I could not “help and fix things” as I always had been accustomed. In fact, my mantra as a single parent (“It’s my job as your mother to know where you are, who you are with and what you are doing”) was no longer valid and my own identity began to waver. I could not help and fix…..I could only pray for his safety. When the moon would rise, I would think of him in a faraway place….maybe he would see the moon and think of home……of Mom. I prayed that God would re-assign my guardian angel to do double duty in my son’s behalf.

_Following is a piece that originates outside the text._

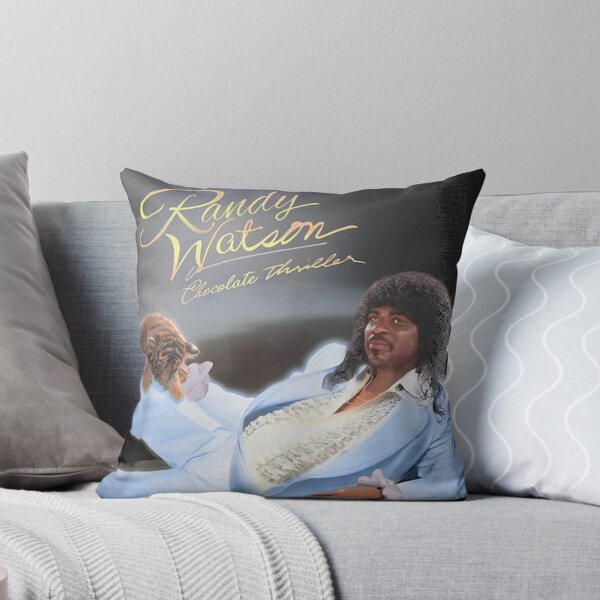 Item preview, Randy Watson Chocolate Thriller With Cat Rouvik 65 designed and sold by yoshaa-z.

So I existed in slow motion, weaving the memories with the worries, trying to be busy, trying to be present, all the while yearning to touch my son, to connect with him in ways only a mom knows, hoping for the best and dreading the possible worst, surrendering him to God’s care and taking him back. It was a limbo I never could have imagined for myself.
Even now when I see his smiling face, hear his laughter, I sense his scars, his battle fatigue, and his hyper-awareness of an evil lurking in our world that he had never before known. I admire him as a hero and a patriot, a sacrificial lamb, a man of deep courage, sensitive and strong and a precious son. And I thank God that he came home to me.